[fc-uk-discuss] fc-uk meeting on saturday 10th of december in
london
Tom Chance
tom at acrewoods.net
Mon Dec 19 12:02:43 GMT 2005
Quoting Ed Griffith-Jones <Ed at acrewoods.net>:
> Quoting adnan hadzi <a.hadzi at gold.ac.uk>:
>
>> maybe, somebody should be in charge of managing the drafting of the
>> constitution?
>
> I agree that somebody has to take charge - otherwise it will never
> get written. Would you be interested (I am doing the collecting
> society campaign)? This is of fundamental importance to Free Culture
> UK.
Wasn't David in charge of this? If anyone else wants to take over then go for
it.
>> does it mean (not having more drafts of the constitution) that we
>> won't meet this saturday? and, if we postpone, what would be the new
>> date?
>
> We also need to meet again. Any ideas as to when?
We ought to think about the purpose of any meeting first. Looking back
over the
past few months I think our approach to the first congress in October was
totally mistaken. It was worth trying, but it's really unlikely that we'll get
the sort of grassroots *online* network that we want by running three heavy
campaigns. The work we decided to do is way too geeky, way too boring, to
attract many people online or locally. It's not sufficiently
development-oriented to get 'traditional' activists involved. We were in a
hinterland before Congress, and condemned ourselves to stay there during
Congress :o)
We haven't got enough people with enough free time to even run *one*
really good
campaign.
In my opinion, we should:
1. Convince CC-UK with their new office and full-time staff to take on the
collecting society campaign, and then support them fully.
2. Convince ORG to work on copyright extensions, support them fully and return
to it later on if anybody feels like there's something constructive we can
contribute.
3. Continue working on the PD Burn campaign by getting legal advice (as
Rob has
suggested) so that we can tie together all the research done so far by Rob and
Rufus.

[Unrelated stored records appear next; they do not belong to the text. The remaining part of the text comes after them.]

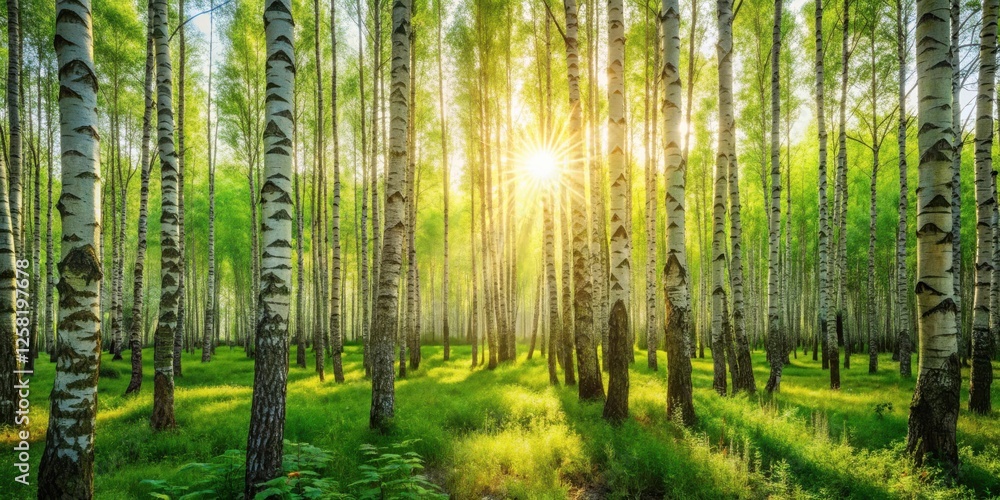 Poster Sunlight streams through a grove of birch trees, casting a dappled light on the verdant forest floor.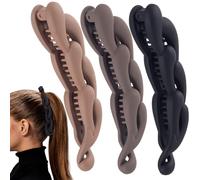 BEIQIYA 3 pinzas para el pelo de plátano para mujer, horquilla vintage de los años 90, pinzas de peinado antideslizantes, accesorios para cabello grueso, fino, largo, corto, liso, rizado, café oscuro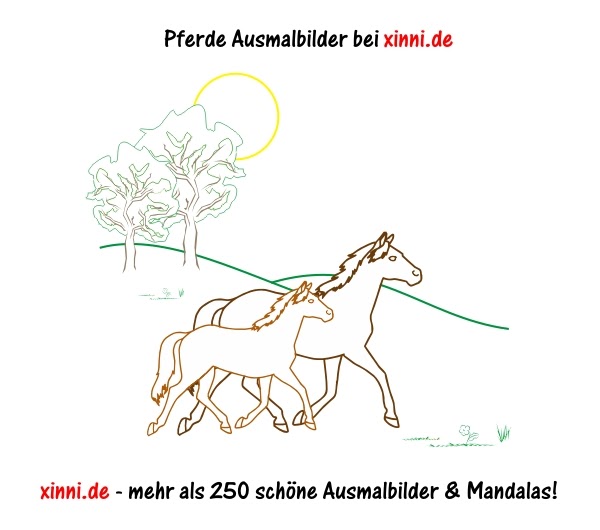 Malvorlagen Zum Ausmalen Ausmalbilder Pferde Stute Fohlen
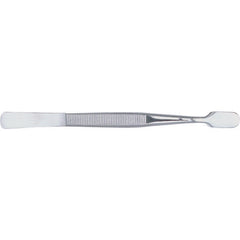 4 1/2″ Flat Rounded Spade Point Tweezers - Eagle Tool & Supply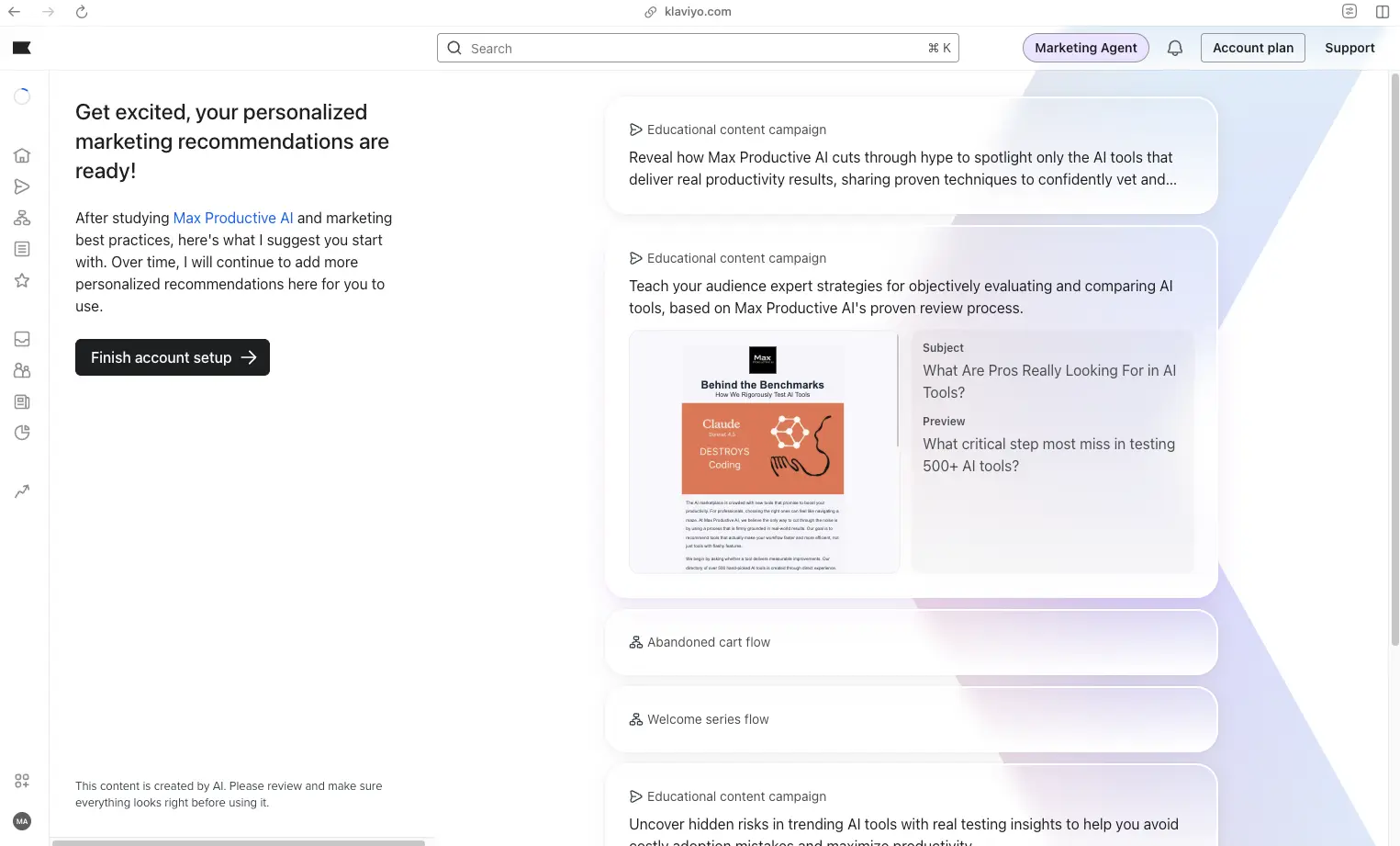 Klaviyo Marketing Agent displaying AI-generated campaign recommendations with subject lines and content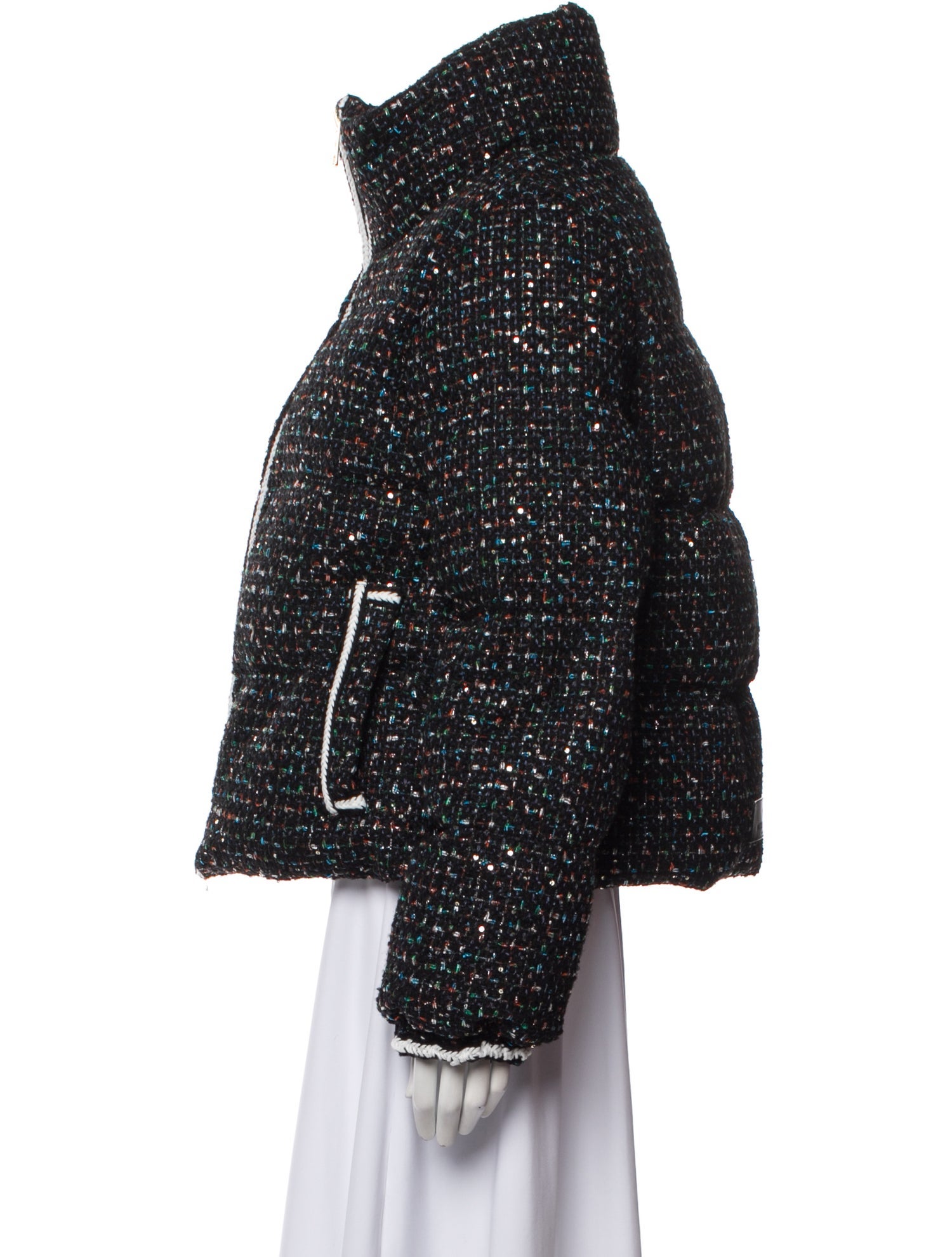 Nicole Benisti Tweed Tweed Pattern Down Jacket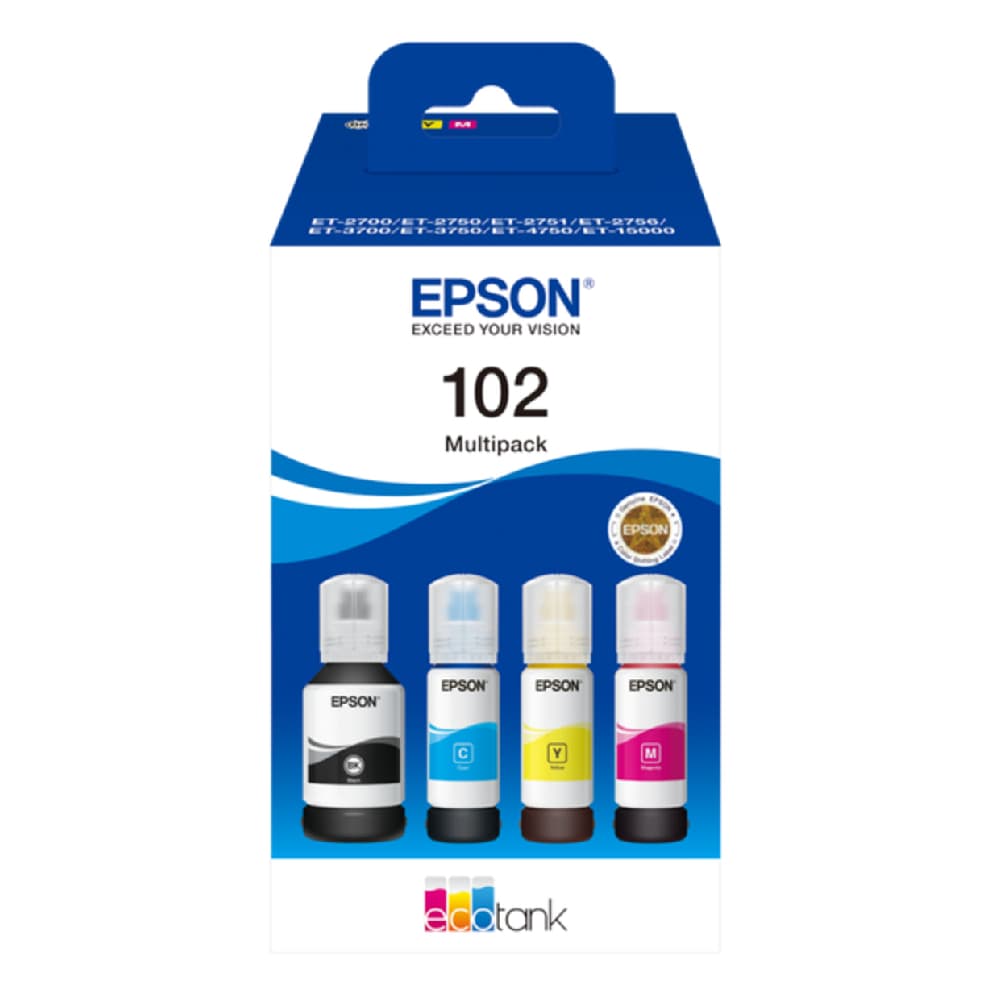 Epson 102 EcoTank Original Ink Bottle - Compatible with ET-15000/ET-2750/ET-3750/ET-4750 & More - Print Consumables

Then set some targets and deadlines over the next 6 months so that, by
June or so next year, we have a really good guide to the public domain in the
UK and the basis for an archiving strategy and a public awareness campaign.
4. Run a simple, low-effort lobbying campaign with a good chance of
success. For
example, we could follow up the letters about BBC Radio3's classical music
downloads. That's really easy. We can try to get lots of people to
write emails
to them; we can try to get a meeting with them to discuss it in person; we can
make links with classical musicians who might be supportive of us. Most
importantly then: it's not a lot of work, it would have a really good impact,
and it has a chance of success which we can publicise well.
5. On a personal basis, try to make more links with local arts organisations,
interested academics, schools, youth groups etc. and either:
a) Educate people about and discuss with them free culture issues
b) Form proper local FC-UK chapters that work on these issues and
possible run
a Remix Commons 'franchise' (http://www.remixcommons.org/get_local)
Because this really is, IMO, the way forward. Engage with people on
their level,
on their turf, rather than hoping that people will latch onto some abstract
discussions about licensing and copyright terms. I've spoken to so many people
who were really interested in free culture stuff, but only when I started off
talking about their angle on it (e.g. cut-up writing techniques, electronica
music, local band scene publicity).
So if we met and (god forbid!) everybody agreed with my assessment, I'd
suggest
our agenda should revolve around:
(i) How can we offload the collecting societies and copyright campaigns onto
CC-UK and ORG?
(ii) What are the jobs, and who will take them, for PD Burn?
(iii) What is our strategy, what are the jobs, and who will take them for the
lightweight lobbying campaign?
(iv) What can/should we do locally? What exactly does 'free culture' mean to
people already practising art in a pretty free way? Is it just about
licensing,
or certain forms of practise, or lobbying, or discussion, or what?
What do people think about all of that? I'm more and more in favour of what
Andreas said at Congress: we should focus on local work, and nationally
just be
a loose informal collection of groups and individuals who work on really
low-intensity, common-interest campaigns.